Department and discount stores actually recorded a decline in the ACSI score last year—driven largely by a 4 percent hit to the score for Federated Department Stores. That drop could be the result of the group’s acquisition of May Department stores and the subsequent reorganization, writes Professor Claes Fornell, the director of the National Quality Research Center at the University of Michigan’s business school. But supermarkets had a good year: the ACSI score for Publix was up 3 percent to 83; for Kroger it grew 3 percent to 76; for Winn-Dixie it jumped 4 percent to 76; and for Safeway, it rose 4 percent to 74.

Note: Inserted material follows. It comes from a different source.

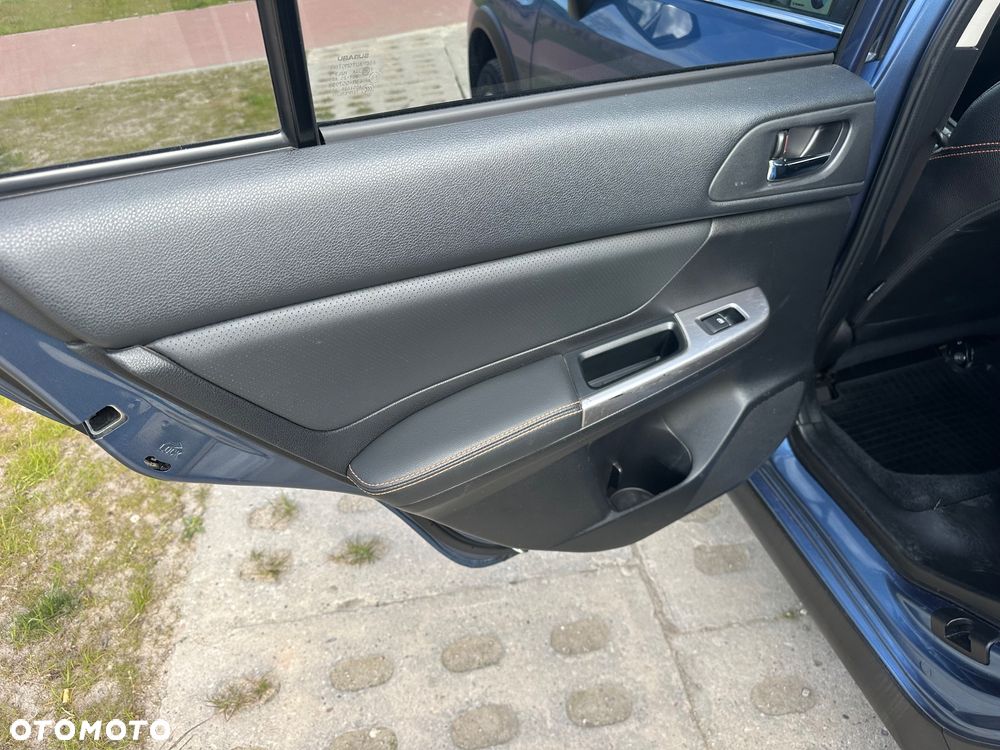 Subaru XV 2.0 i Exclusive Lineartronic - 32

The finance and insurance industry recorded an increase in its ACSI score as well, up 3 percent to 76—it’s highest since it received a 78.5 in 1994, the year these scores were first calculated. Among commercial banks, “Wachovia continues its tradition of strong satisfaction performance, up 1 percent to 80,” Fornell writes. “No major competitor is even within six points of Wachovia.” He also notes a big improvement for Wells Fargo, which gained 8 percent to 72.
Among life insurers, Met Life gained 10 percent on the ACSI, scoring a 78, while Prudential recorded a gain of 6 percent to reach 76. Industry-wide, insurance companies gained 5.3 percent, something the report attributes to declining premiums as a result of increased competition and longer life expectancies.

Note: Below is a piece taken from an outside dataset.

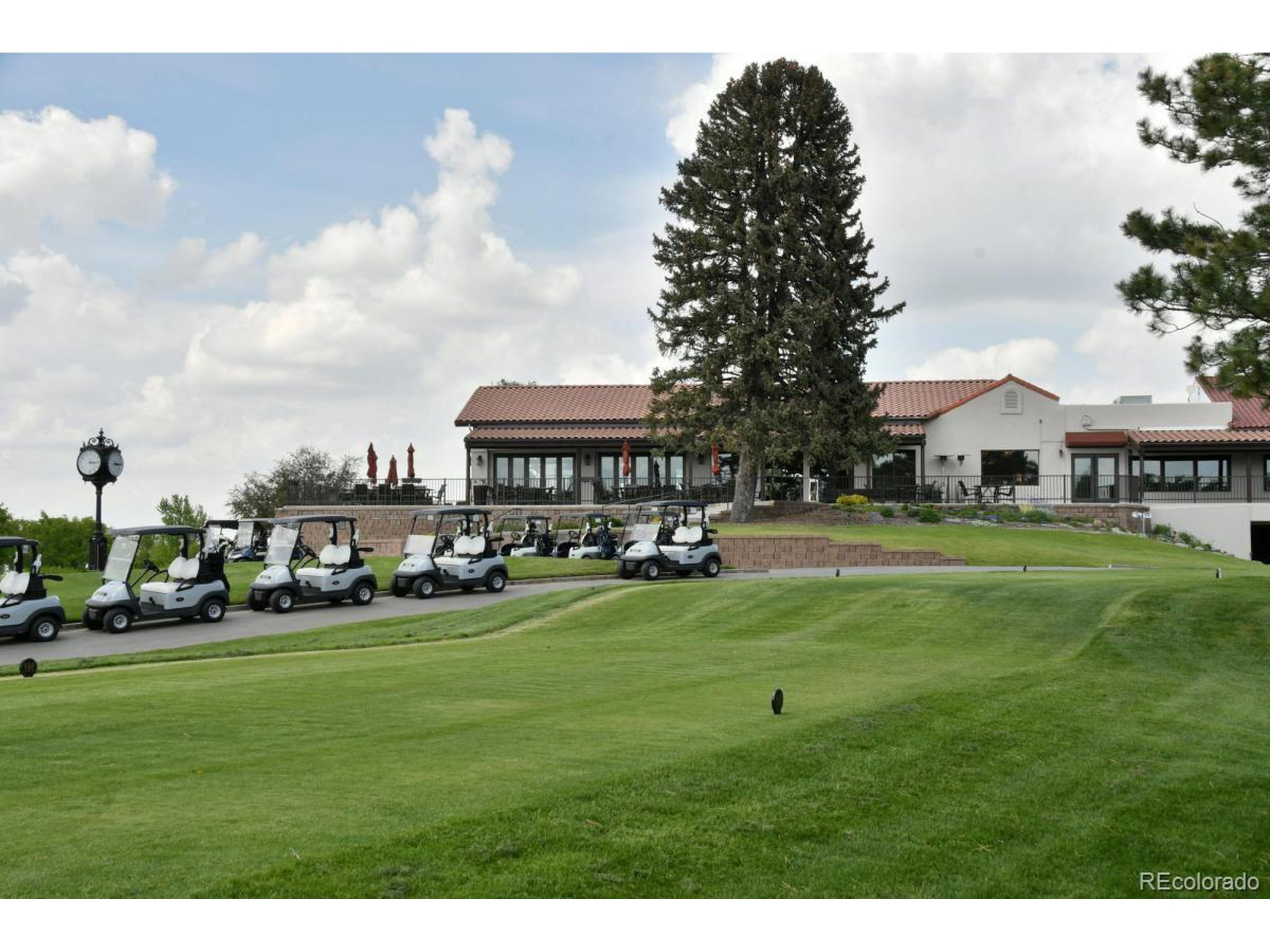 2365 Country Club Loop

In the online brokerage category, Fidelity and Charles Schwab, which saw its ACSI gain 8 percent versus 2005, tied for the top industry spot with a score of 80. TD Ameritrade came in at 77. Meanwhile, E*Trade registered a 4 percent improvement to 74. The category as a whole rose 3 percent to 78.

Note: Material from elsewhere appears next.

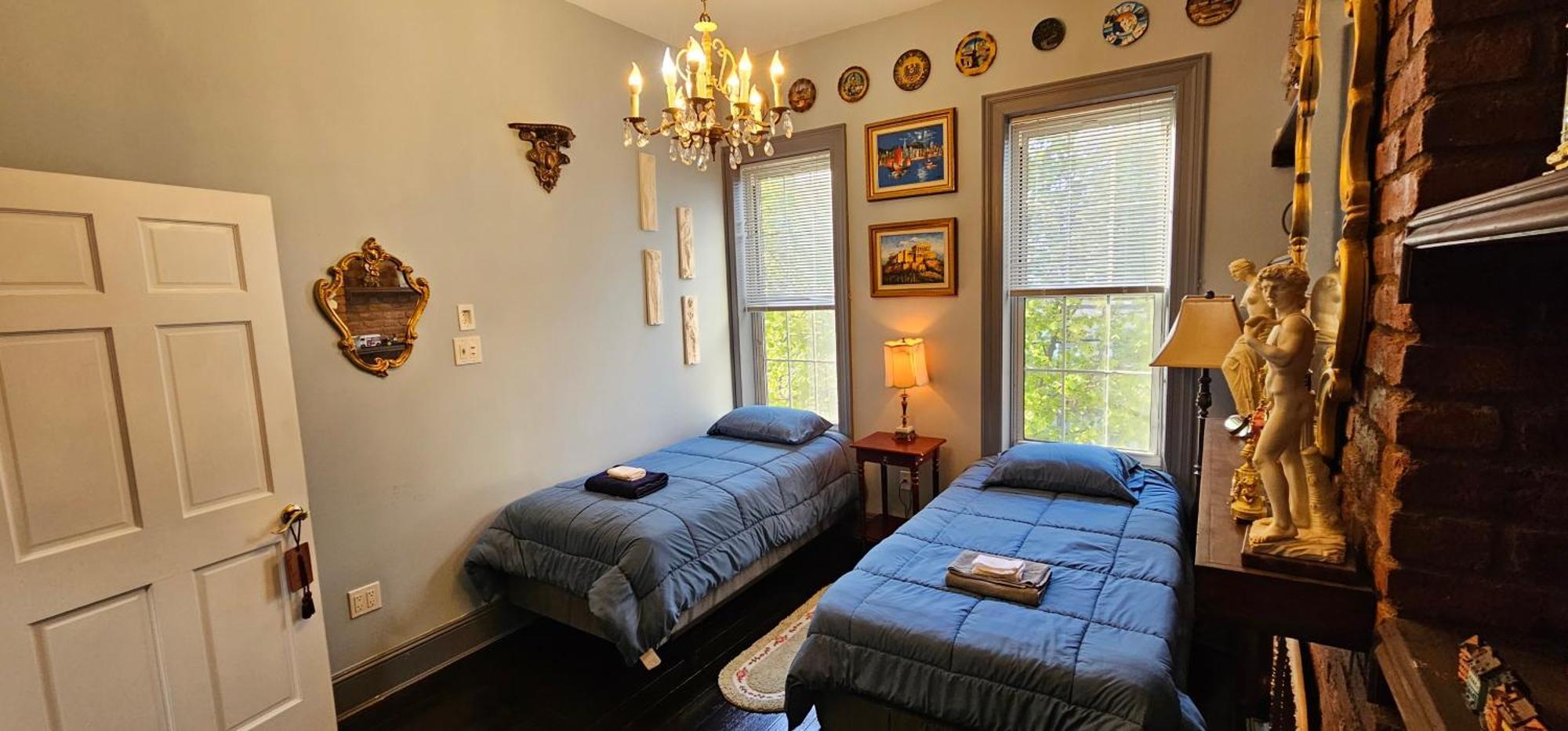 Apartment Luxurious At Colonial Townhouse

The University of Michigan also posits that ACSI scores might actually be stronger indicators of overall consumer spending than income and wealth. “With falling oil prices, rising wages, a record low savings rate, little inflation, high consumer confidence, stable interest rates, low unemployment and now also the highest customer satisfaction level ever recorded by ACSI, it is not surprising that consumer spending is unusually strong and has helped lift the overall economy,” writes Fornell, about the ACSI findings.
“Most economic forecasts predicted a weakening of consumer spending for the final quarter of 2006. ACSI was virtually alone in suggesting solid growth.” So, it might be worth noting that the ACSI equations forecast continued growth in consumer spending of between 3.5 percent and 4.1 percent.